DIRECTIONS FOR THIS TASK: Starting with the line that includes "Saturday April 28th", write out every remaining line of the records below exactly as it appears, leaving out any images.
EXCERPTED RECORDS Start Marker
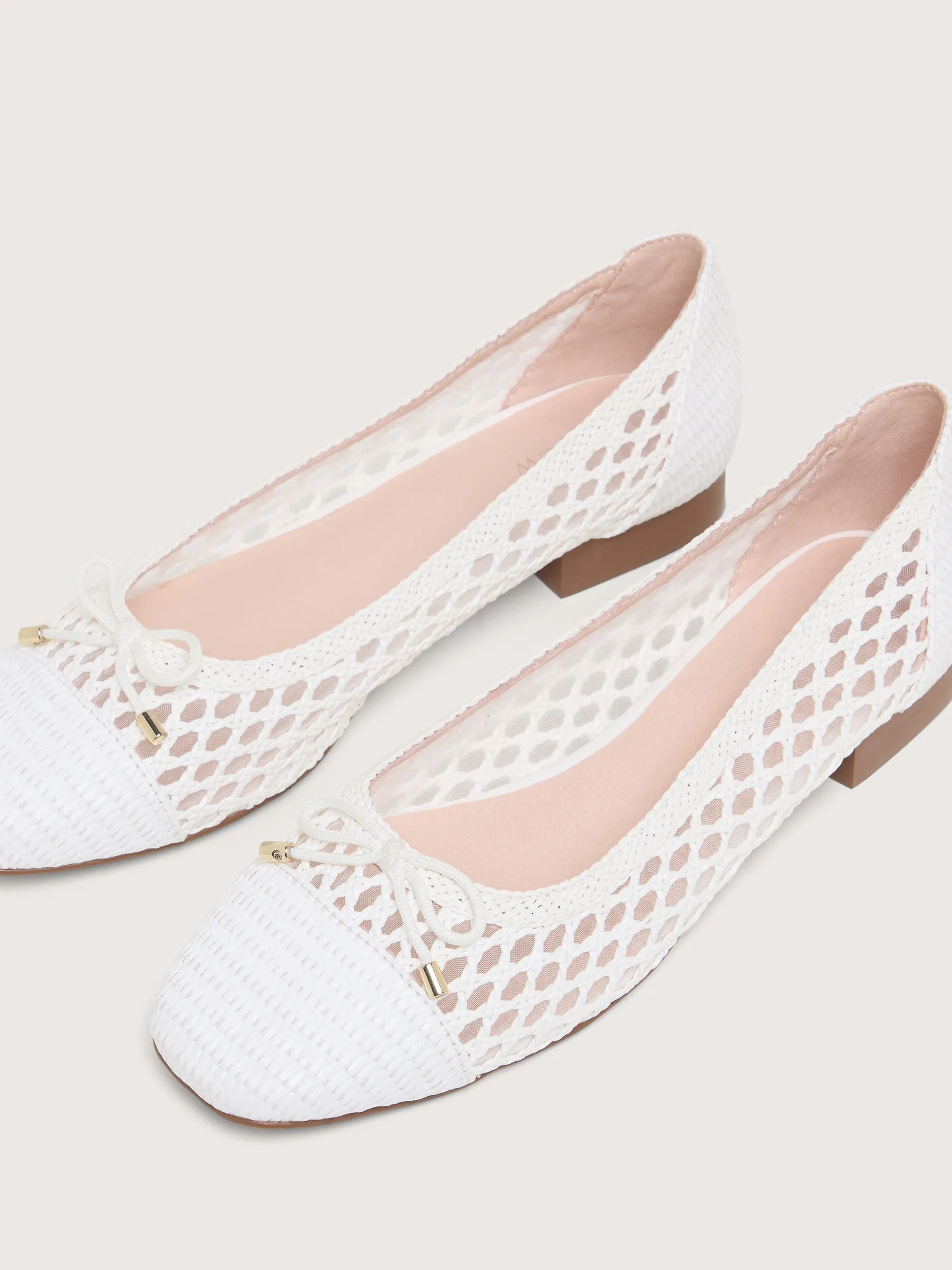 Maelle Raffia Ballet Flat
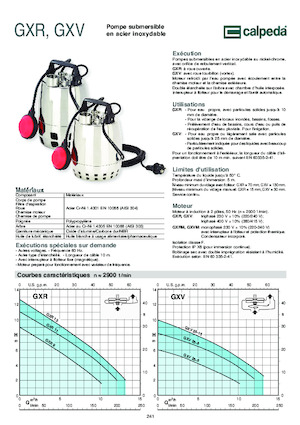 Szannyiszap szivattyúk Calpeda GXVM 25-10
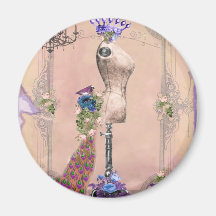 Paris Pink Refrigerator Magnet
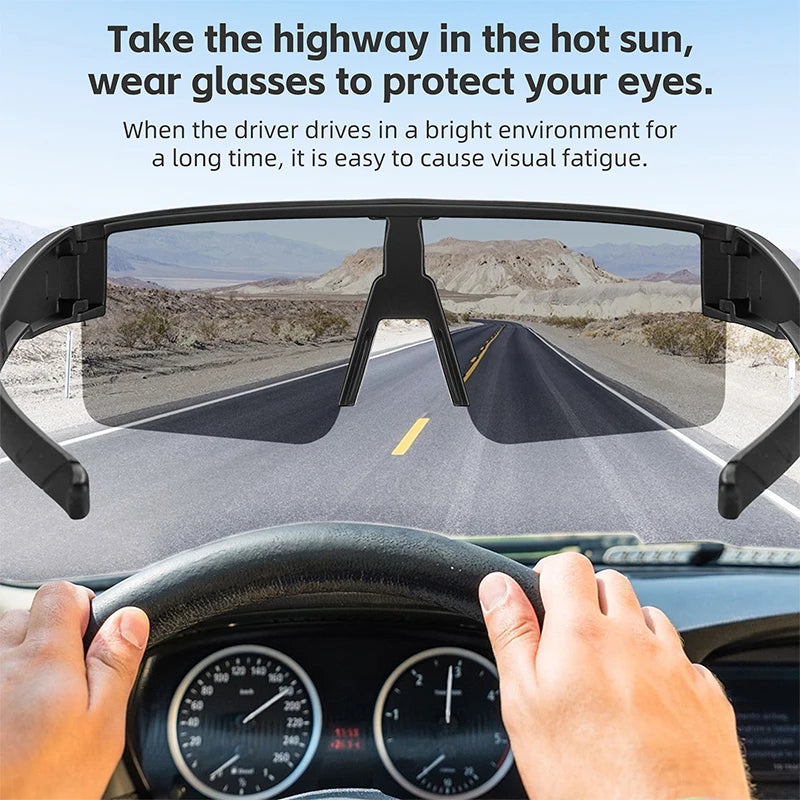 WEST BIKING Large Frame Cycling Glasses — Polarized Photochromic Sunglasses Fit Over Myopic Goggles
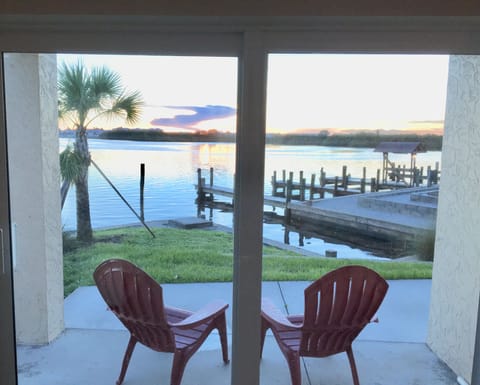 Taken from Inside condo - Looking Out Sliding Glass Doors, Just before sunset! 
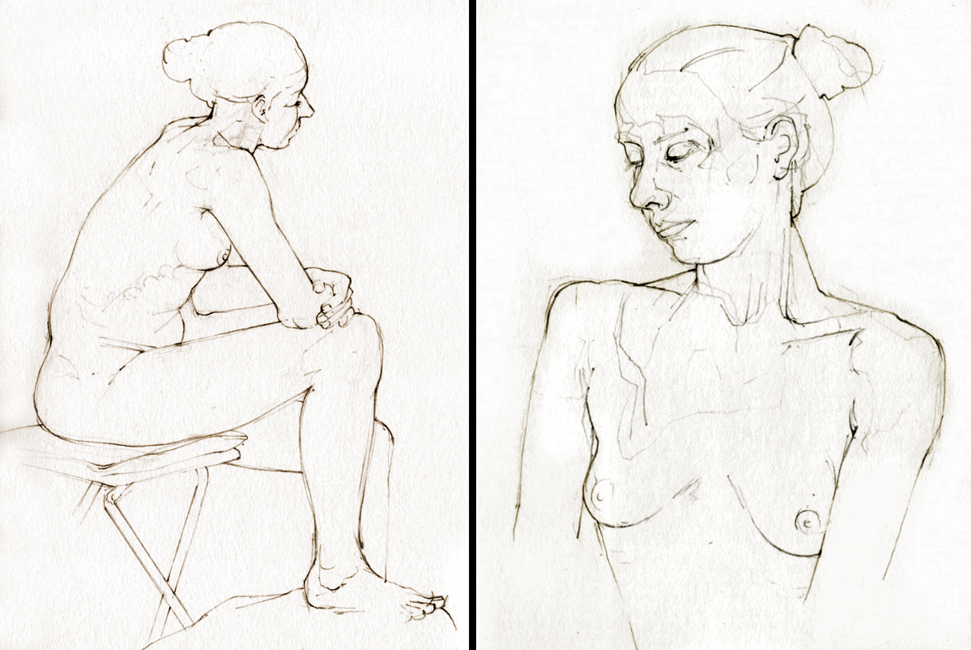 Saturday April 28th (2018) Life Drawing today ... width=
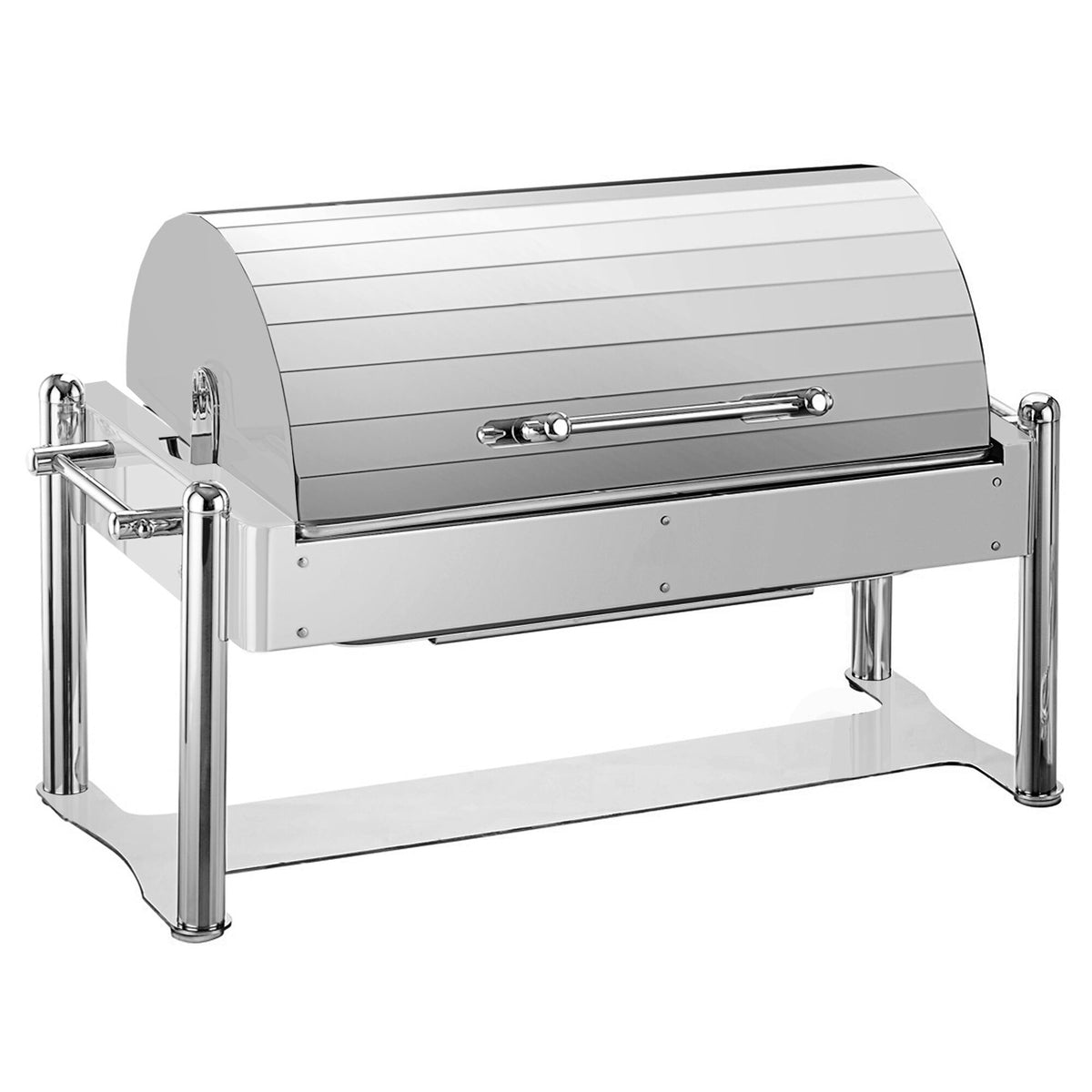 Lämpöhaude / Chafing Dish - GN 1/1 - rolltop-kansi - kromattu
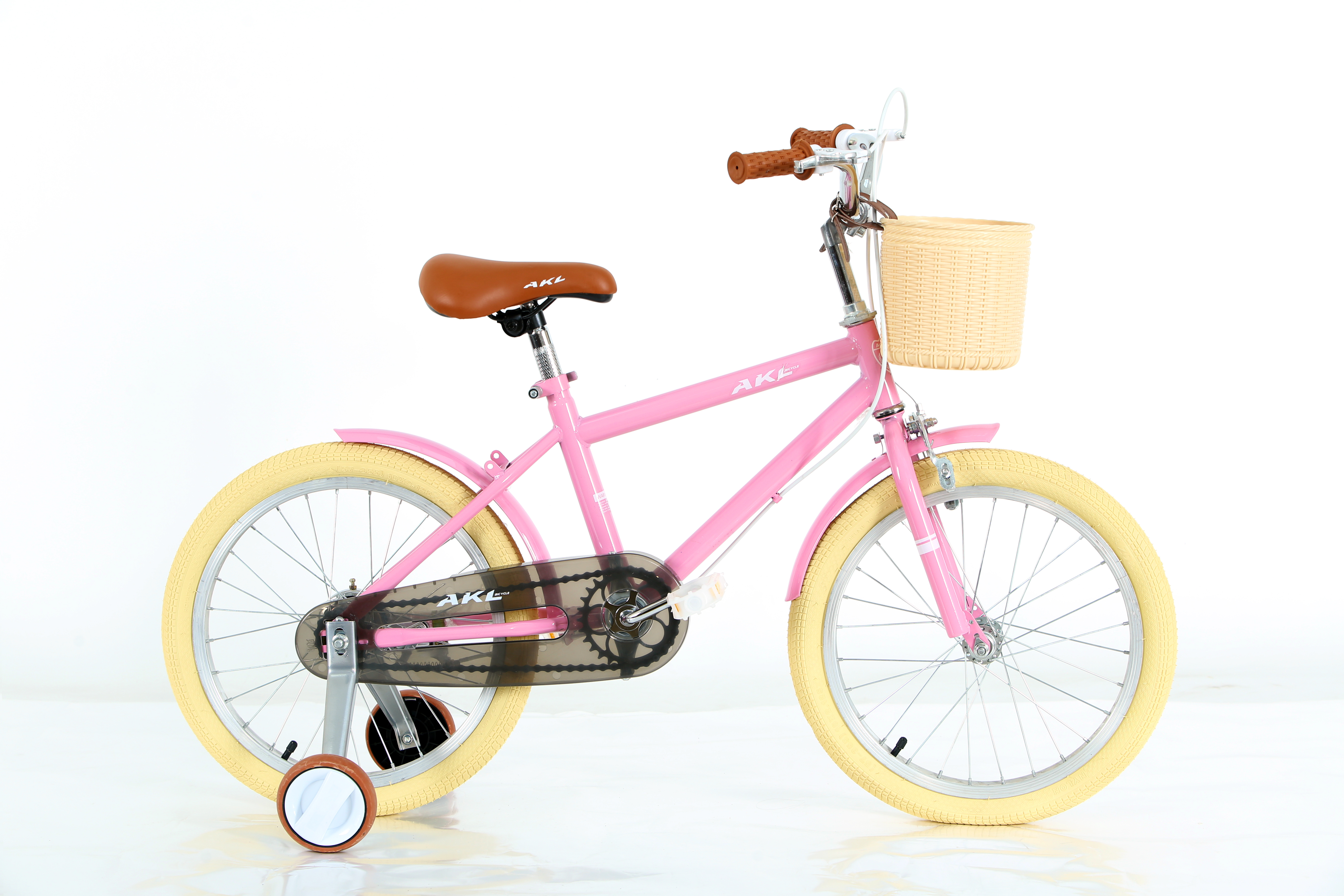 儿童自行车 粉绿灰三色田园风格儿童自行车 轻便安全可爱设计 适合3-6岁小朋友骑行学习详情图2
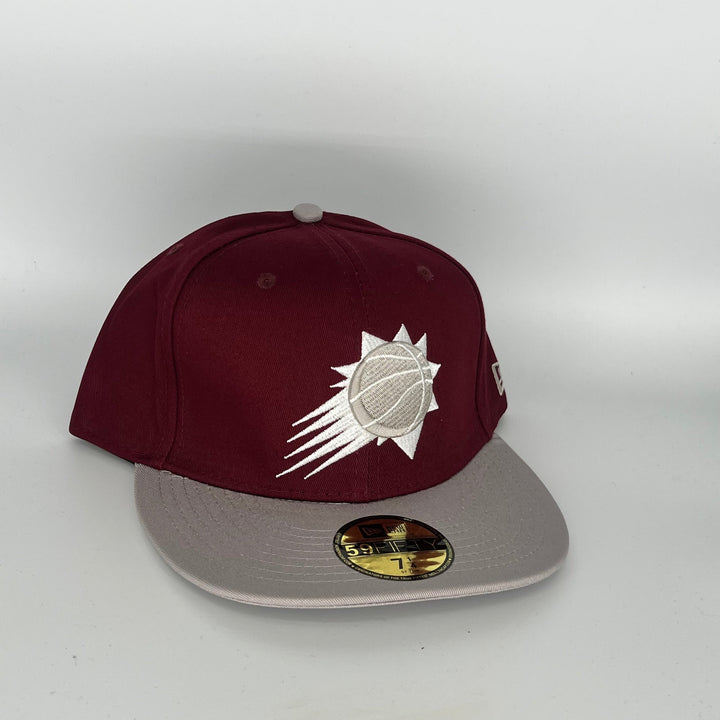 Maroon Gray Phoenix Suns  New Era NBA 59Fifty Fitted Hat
EXCERPTED RECORDS End Marker
COMPLETED TASK:
 Saturday April 28th (2018) Life Drawing today ... width=
 Lämpöhaude / Chafing Dish - GN 1/1 - rolltop-kansi - kromattu
 儿童自行车 粉绿灰三色田园风格儿童自行车 轻便安全可爱设计 适合3-6岁小朋友骑行学习详情图2
 Maroon Gray Phoenix Suns  New Era NBA 59Fifty Fitted Hat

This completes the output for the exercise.